François Rebsamen, « bête noire » des protestataires

« Au-delà des questions financières, certes cruciales, témoigne Mathilde, musicienne, c’est une question de reconnaissance de notre rôle non seulement artistique mais humain. On a trop tendance à nous stigmatiser comme une “bande de profiteurs”. C’est d’autant plus difficile à vivre sous un gouvernement de gauche ! » Si l’engagement d’Aurélie Filippetti, ministre de la culture, n’était guère contesté par les intermittents, sa pugnacité et son efficacité au sein de l’exécutif sont en revanche mises en doute, face à François Rebsamen, ministre du travail, devenue la « bête noire » des protestataires. Le ministre justifiait la semaine dernière à l’Assemblée nationale l’utilité de l’accord du 22 mars, soulignant qu’il « garantit l’essentiel des droits à l’indemnisation des intermittents et protège notamment les plus précaires d’entre eux ». Avant d’entrer au gouvernement, il en avait contesté la teneur…

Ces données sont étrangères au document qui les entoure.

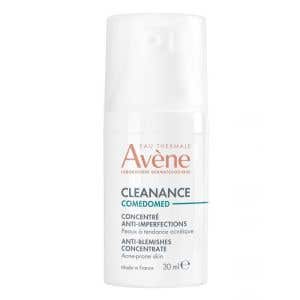 Avene Cleanance Comedomed Intenzivn&iacute; p&eacute;če při nedokonalostech pleti 30 ml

« On se demande si, aujourd’hui, l’intermittence n’est pas qu’une monnaie d’échange symbolique entre le gouvernement et le Medef, poursuit Olivier Py. Michel Sapin et Aurélie Filippetti étaient réellement à notre écoute. Avec le départ de Sapin, tout cela est tombé à l’eau… »

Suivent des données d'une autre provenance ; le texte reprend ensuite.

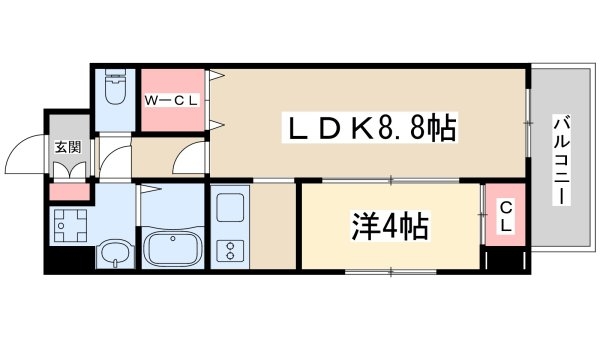 ファーシル東三国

Ce revirement gouvernemental – le mot « trahison » est souvent employé – cristallise le mécontentement dans un contexte social et politique des plus tendus. « On assiste à une radicalisation préoccupante, analyse Philippe Leclant, directeur du festival de musique de Maguelone, qui a dû annuler l’un des concerts de la manifestation. Le mouvement se greffe sur un climat de grogne qu’il attise et qui l’attise : parmi les manifestants qui ont empêché la tenue de notre concert, il y avait aussi des activistes politiques d’extrême gauche venus appuyer le mouvement. »
Des festivals plus ou moins exposés à la contestation

Depuis le début du mois, tous les festivals ne sont certes pas affectés par les grèves et annulations de spectacle. Si le Printemps des comédiens à Montpellier, le festival Furies en Champagne ou le Festival d’Anjou sont perturbés, Les Musicales de Bagatelle se sont déroulées sans encombre. Les nuits de Fourvière ont débuté comme prévu, ainsi que le Festival d’Auvers-sur-Oise. « Les manifestations théâtrales, lyriques ou de musiques actuelles qui doivent faire appel à des brigades d’intermittents pour monter de gros plateaux sont beaucoup plus exposées », reconnaît son directeur Pascal Escande.

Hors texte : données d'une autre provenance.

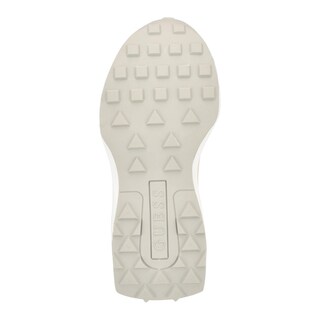 Foto 4 | Tenis Guess Calebb Sandstone 103 para Mujer- Venta Internacional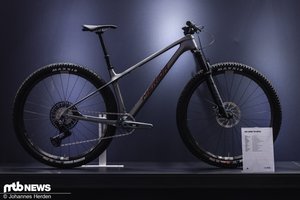 Eurobike 2024: Neuheiten von Cross-Country bis Freeride bei Merida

L’été 2003 qui avait vu l’annulation des Festivals d’Avignon, d’Aix-en-Provence et des Francofolies de La Rochelle, avait mis en lumière le poids économique et la source de revenus touristiques que représentent les festivals d’été et les manifestations culturelles en France. Selon une étude des ministères de la culture et de l’économie et des finances, le secteur emploie 670 000 personnes et représente une valeur ajoutée de 58 milliards d’euros (3,2 % du PIB), sept fois supérieure à celle de la construction automobile…

Pour la première fois, le mouvement des intermittents s’étend au secteur de l’audiovisuel, souvent accusé d’abuser du système. Un appel à la grève a ainsi été lancé à Arte. Par solidarité, les 30 marionnettistes des « Guignols de l’info » sur ­Canal +, tous intermittents, ne participeront pas à l’émission ce soir.

LA REFORME DE L’ASSURANCE-CHÔMAGE DES INTERMITTENTS

– Ce que la réforme ne change pas : pour être indemnisé, il faut avoir travaillé 507 heures dans les 10 derniers mois pour les techniciens, dans les 10,5 derniers mois pour les artistes, contre 610 heures dans les 28 derniers mois pour les autres salariés. La durée indemnisable est alors de 8 mois, alors que pour le régime général elle est égale à la durée cotisée, dans la limite de deux ans. Le calcul du montant de l’allocation mêle salaire et nombre d’heures travaillées. L’allocation journalière moyenne est de 62 € pour les techniciens et de 53 € pour les artistes.

– Ce que change la réforme : le différé entre le dernier jour travaillé et l’indemnisation, plus favorable que dans le régime général, est durci : 48 % des intermittents le subiront (tous ceux qui gagnent plus de 16 €/h), contre 9 % auparavant. Le taux de cotisation passe à 12,8 % (dont 6,4 % de part salariale), contre 6,4 % dont pour le régime général. La possibilité de cumuler salaire et allocation, jusqu’ici interdite au-dessus d’un certain nombre d’heures travaillées, est désormais plafonnée à 4 381 €, ce qui impactera 6 % des allocataires.